Anggaran subsidi BBM dinilai tak rasional karena terlalu besar.

KAR
Bacaan 2 Menit
Foto: www.skkmigas.go.id
Foto: www.skkmigas.go.id
[Versi Bahasa Inggris]
Anggota Komisi VII DPR RI, Rofi Munawar, menyayangkan hasil produksi minyak dan gas yang dicapai oleh Satuan Kerja Khusus Pelaksana Kegiatan Usaha Hulu Minyak dan Gas Bumi (SKK Migas). Pasalnya, Rofi menilai lifting migas yang rendah telah menyebabkan defisit pada anggaran negara. Dia juga menyesalkan realisasi lifting migas oleh SKK Migas yang terus turun.

“Lifting migas yang rendah tidak bisa dipungkiri telah menyebabkan defisit pada anggaran negara. Disisi lain dalam APBNP tekanan nilai tukar rupiah diprediksi naik mencapai 10,2 persen. Tentunya hal ini akan semakin memperburuk struktur anggaran karena importasi minyak masih cukup tinggi selama ini,” keluh Rofi di Jakarta, Rabu (28/5).

Sebagaimana diketahui, realisasi lifting minyak bumi selama periode Desember 2013–Maret 2014 belum mencapai target APBN. SKK Migas baru berhasil menggenjot lifting minyak mencapai sekitar 700 ribu barel per hari. Padahal, target lifting minyak yang dalam APBN 2014 ditetapkan hampir 900 ribu barel per hari.

Sementara itu, lifting gas juga mengalami penurunan. Selama periode Desember 2013–Maret 2014, realisasi lifting gas bumi mencapai 1.301 ribu barel setara minyak per hari. Hal ini pun lebih rendah dari target yang ditetapkan dalam APBN. Pasalnya, asumsi lifting gas bumi pada APBN tahun 2014 yang ditetapkan sebesar 1.240 ribu barel setara minyak per hari.

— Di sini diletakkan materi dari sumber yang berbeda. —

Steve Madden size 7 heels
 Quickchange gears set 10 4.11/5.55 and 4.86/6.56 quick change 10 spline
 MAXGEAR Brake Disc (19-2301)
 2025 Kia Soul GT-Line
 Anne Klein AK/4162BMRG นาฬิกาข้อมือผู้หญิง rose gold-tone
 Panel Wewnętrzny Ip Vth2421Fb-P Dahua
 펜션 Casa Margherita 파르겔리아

Di sisi lain, saat ini cadangan gas di perut bumi Indonesia semakin menipis. SKK Migas mencatat, Indonesia hanya memiliki cadangan gas sebesar 1,7% dari total cadangan gas alam dunia. Nilai cadangan gas alam di Indonesia mencapai 112 triliun kaki kubik. Namun, Indonesia tetap saja melakukan ekspor gas ke beberapa negara salah satunya Singapura. Bahkan berdasarkan data dari Satuan Kerja Khusus Minyak dan Gas Bumi (SKK Migas).

“Lapangan gas yang ada saat ini dikunci dengan kontrak panjang untuk ekspor, kemudian blok-blok minyak strategis tak dimiliki National Oil Company dengan perolehan signifikan. Perlu ada rumusan yang lebih serius dari Pemerintah,” kata Rofi.

Direktur the Institute for Development of Economic and Finance (INDEF), Enny Sri Hartati, berpendapat anggaran negara juga menjadi tak sehat akibat besarnya subsidi energi. Bahkan, ia mengatakan bahwa subsidi energi dalam pembahasan APBN-P 2014 sudah tidak rasional. Hal ini karena menurut Enny, anggaran subsidi yang dialokasikan terlalu besar.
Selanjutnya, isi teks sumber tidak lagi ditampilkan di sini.